Перед самим постригом я почувствовала однажды, как сильно забилось мое сердце, и вышла за монастырские ворота. Прямо у ворот монастыря стояла машина, в которой сидел мужчина и читал газету. Увидев меня, он тут же выскочил из машины, уронил газету и крикнул:
– Девушка, можно вас на минутку?
– Нет, – покачала я головой, – я не должна ни с кем общаться.
– Почему?
Я не ответила на этот вопрос и постаралась пройти мимо машины к обрыву, чтобы полюбоваться на реку и еще раз посмотреть на большой мир. Подойдя к обрыву, я обхватила руками дерево и вновь почувствовала, что меня одолел грех уныния. По щекам потекли слезы. Я плакала оттого, что большой мир уже переставал для меня существовать и больше не был для меня моим домом. Теперь моим домом был Борисоглебовский женский монастырь, который находился под Звенигородом. Моя жизнь заключалась в том, что я очень много молилась, много работала. На сегодняшний день у меня была одна цель – устроиться торговать в церковный киоск свечками. По крайней мере это была бы хоть какая-то связь с большим миром. В монастыре бывает много экскурсий, в церковный ларек приходят люди за свечками, я бы украдкой рассматривала этих людей, слушала, о чем они говорят, смотрела, во что они одеты, узнавала о том, что творится в большом мире, за стенами этого монастыря. Но работать в киоск меня пока не брали, говорили, что у меня еще недостаточно знаний.
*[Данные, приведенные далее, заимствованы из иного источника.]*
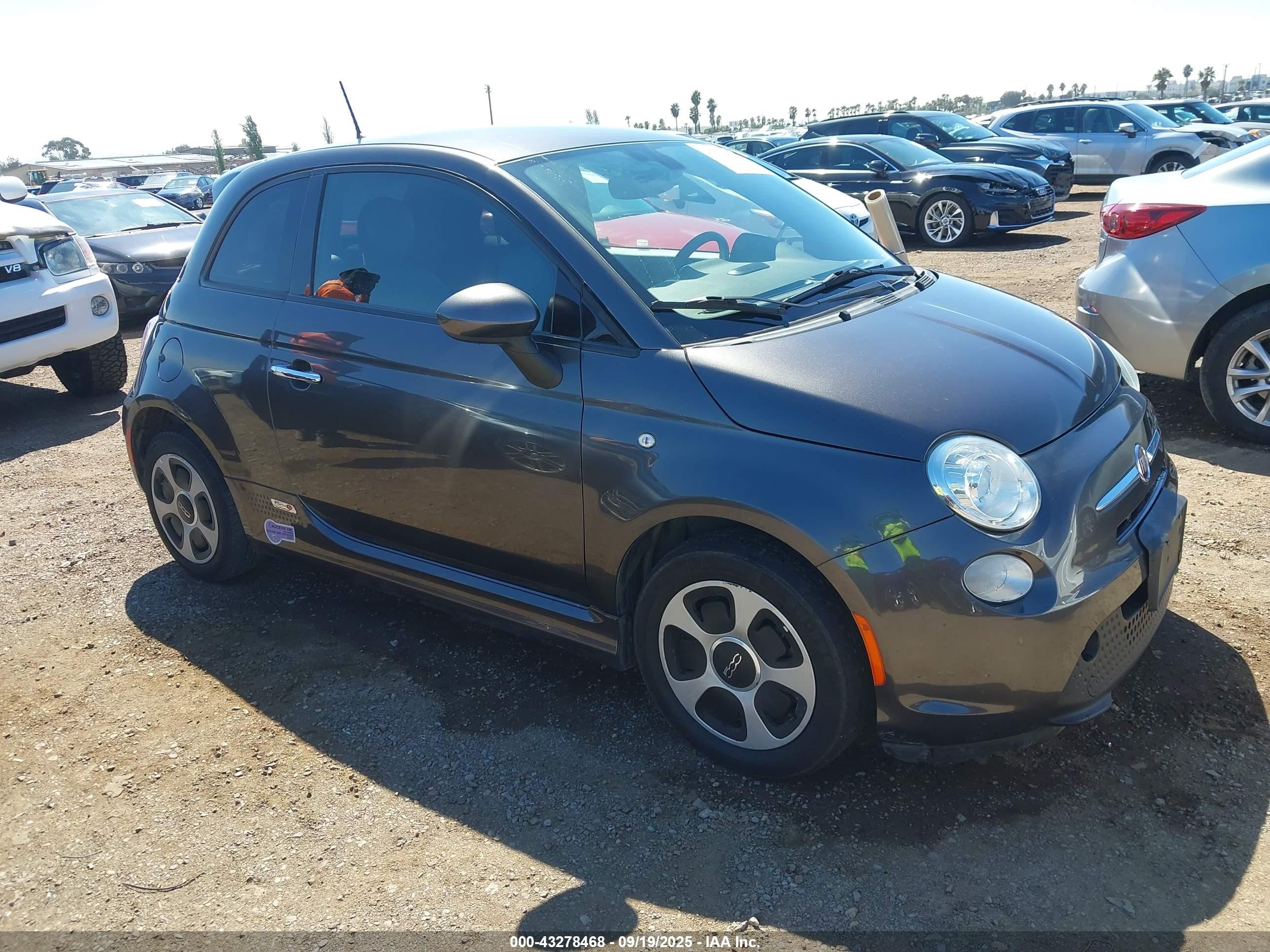 2018 FIAT 500e, VIN 3C3CFFGEXJT510140 — Rear end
– Девушка, вы плачете? – Мужчина встал рядом с мной и невольно заставил меня вздрогнуть.
– Я не хочу ни с кем общаться. Уходите!
– Уйду. Только ответьте мне на один вопрос. Почему вы ушли в монастырь?
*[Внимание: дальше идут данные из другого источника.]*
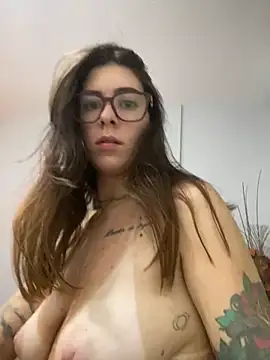 fer-nanda's cam snapshot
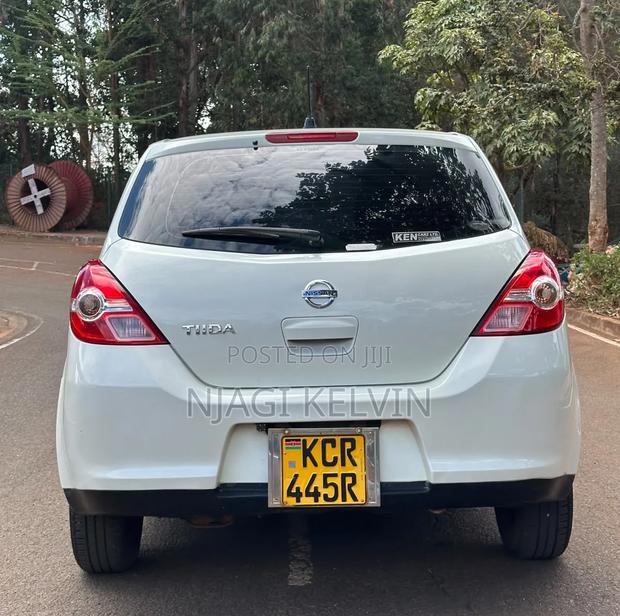 Nissan Tiida 2011 White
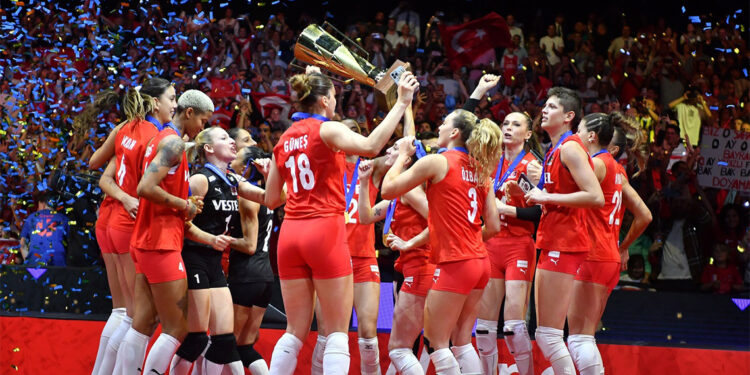 100. yılın Atatürk'ün Cumhuriyetçi onurlu ve gururlu kadınları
Я украдкой посмотрела на мужчину и отметила про себя его респектабельную одежду. Его руку украшали дорогие массивные часы. Помолиться приехал, подумала я.
– Я ушла в монастырь, потому что на все промысел Божий.
– А понятнее вы можете ответить?
– Я прошла много испытаний, слишком много нагрешила. Я думала, Господь меня не простит, но я покаялась. Я долго каялась и просила прощения. Я прошла церковное таинство покаяния. Я была уверена, что Господь меня покарает, но он меня простил. Простил и теперь ведет к лучшему. Бог указал мне путь, и я верю, что с Божьей помощью все образуется. Я за это целыми днями молюсь.
– А вам не кажется, что вам еще рано отрекаться от всего мирского?
– Нет, – покачала я головой и хотела было уйти, но мужчина взял меня за руку и, волнуясь, очень сбивчиво заговорил:
– Ну, здравствуй, Санечка! Здравствуй! Я тебя не сразу узнал. Ты в этом платье и в этом платке сама на себя не похожа. Мне сердце подсказало… Ты больше похожа на девочку-подростка. Ничего от твоей сексуальности не осталось, сплошное целомудрие…
– Что? Да как вы смеете? Кто вы такой???
Я еще раз попыталась вырваться, но мужчина не позволил мне этого сделать.
– Санька, Санечка, родная, любимая… Если бы ты только знала, как я тебя искал… Если бы ты только знала! Я же обещал, что обязательно тебя найду. И я искал, но никогда бы не подумал, что ты решишь закончить свою жизнь в монастыре. Я обещал тебя найти и жениться. Так вот, моя любимая девочка, после того, как я тебя нашел, дело не закончится монашеским постригом. Оно закончится свадьбой.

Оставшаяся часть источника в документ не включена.